** Entries shown follows **
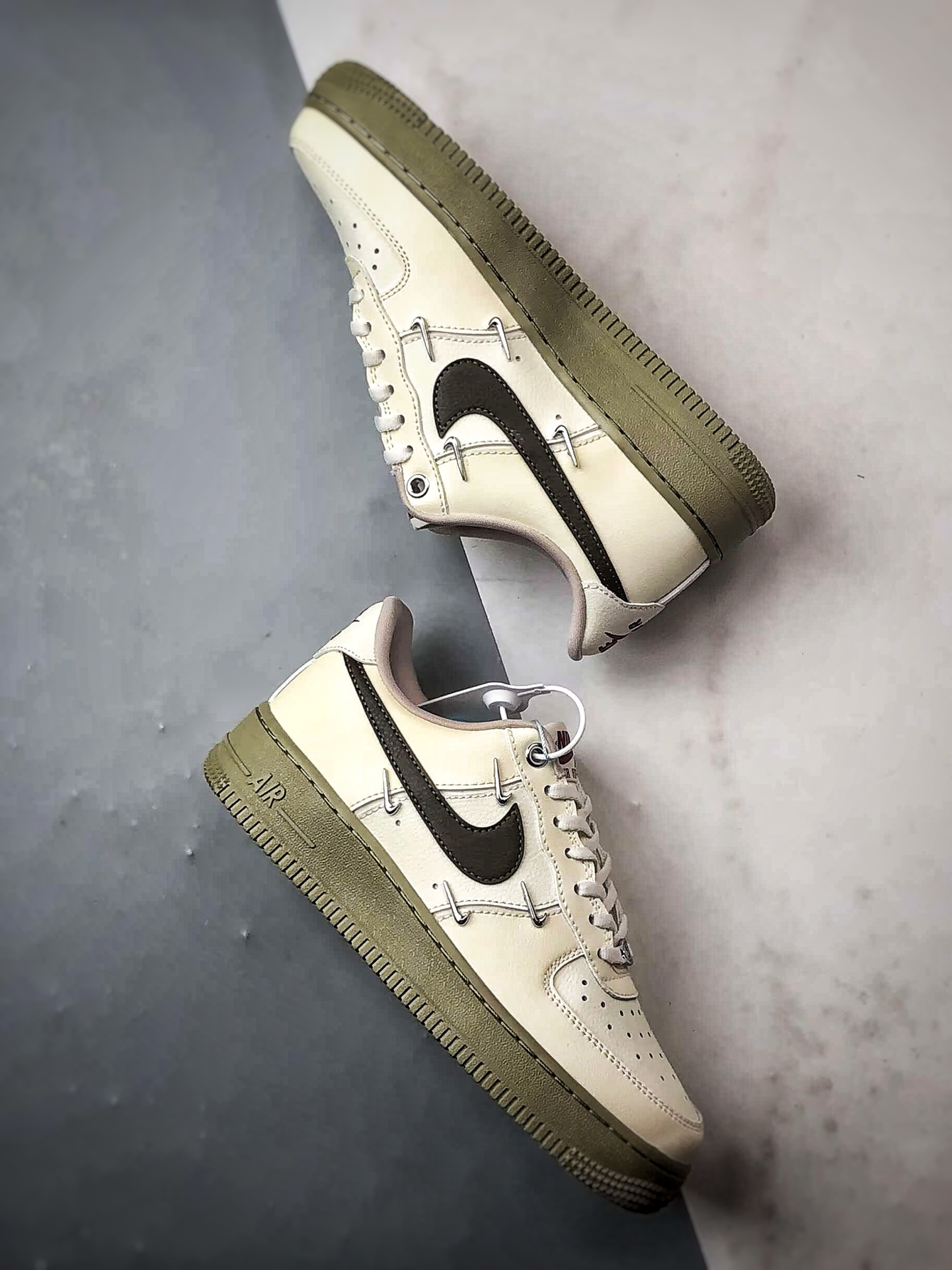 Air Force 1 '07 Low 马年米绿四小钩 IQ9802-022-Top High Quatity Cheap Sneakers Fashion Clothing Clothes Bags handbags Shoes of all Brand wholesale With The best Quality And Beautiful Price from China Factory Chinese suppliers wholesaler seller Air Force 1 '07 Low 马年米绿四小钩 IQ9802-022
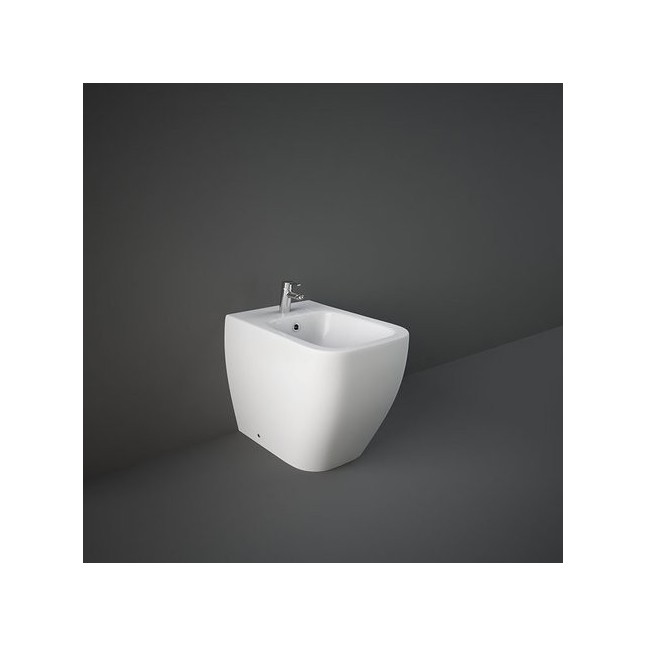 Bidet filomuro della collezione Metropolitan di RAK Ceramics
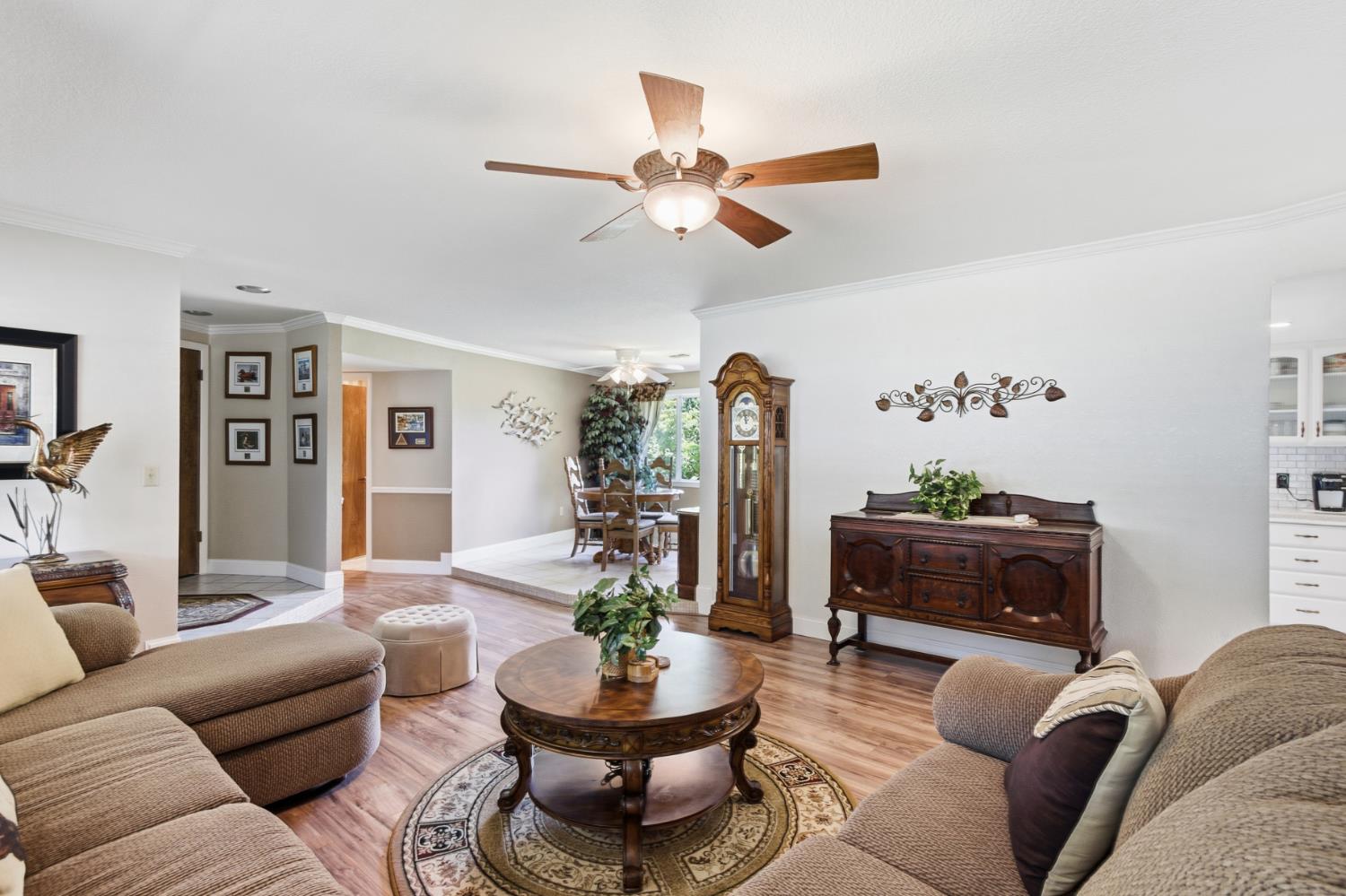 3095 Edgewood Lane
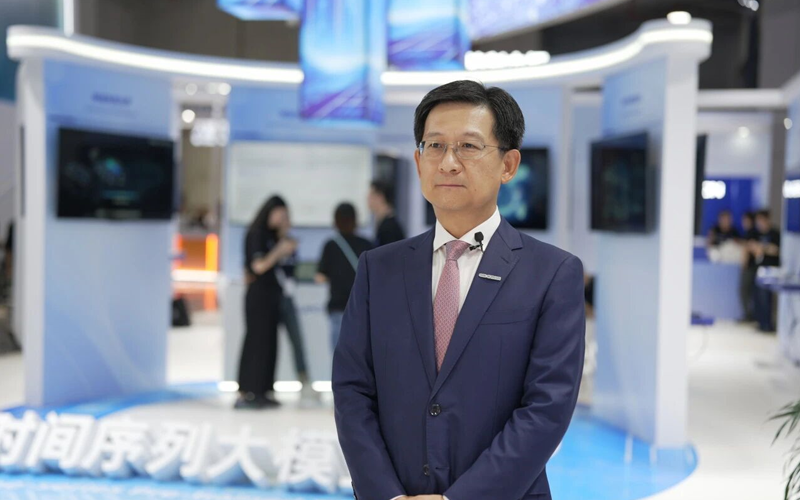 崔山受新华社专访：以工业具身智能重构生产力，，，，，引领流程工业智能化升级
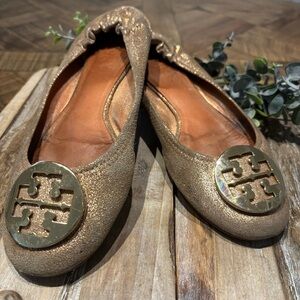 Tory Burch Metallic Leather Ballet Travel Flats Salmond/Rose Gold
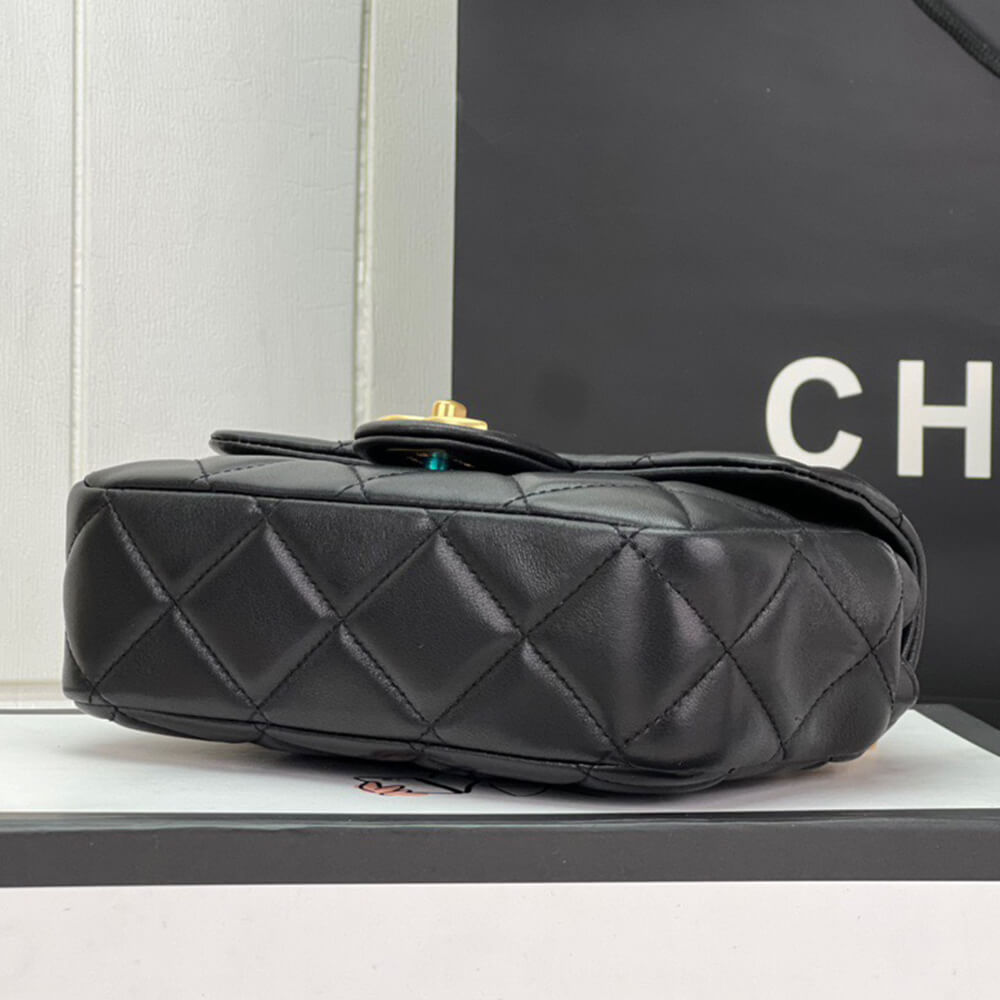 Chanel SMALL FLAP BAG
** End of Entries shown **
▶ _Prompt_
Set down all of the entries exactly as they appear, but keep the images out.

▶ _Result of this exercise_
 Air Force 1 '07 Low 马年米绿四小钩 IQ9802-022-Top High Quatity Cheap Sneakers Fashion Clothing Clothes Bags handbags Shoes of all Brand wholesale With The best Quality And Beautiful Price from China Factory Chinese suppliers wholesaler seller Air Force 1 '07 Low 马年米绿四小钩 IQ9802-022
 Bidet filomuro della collezione Metropolitan di RAK Ceramics
 3095 Edgewood Lane
 崔山受新华社专访：以工业具身智能重构生产力，，，，，引领流程工业智能化升级
 Tory Burch Metallic Leather Ballet Travel Flats Salmond/Rose Gold
 Chanel SMALL FLAP BAG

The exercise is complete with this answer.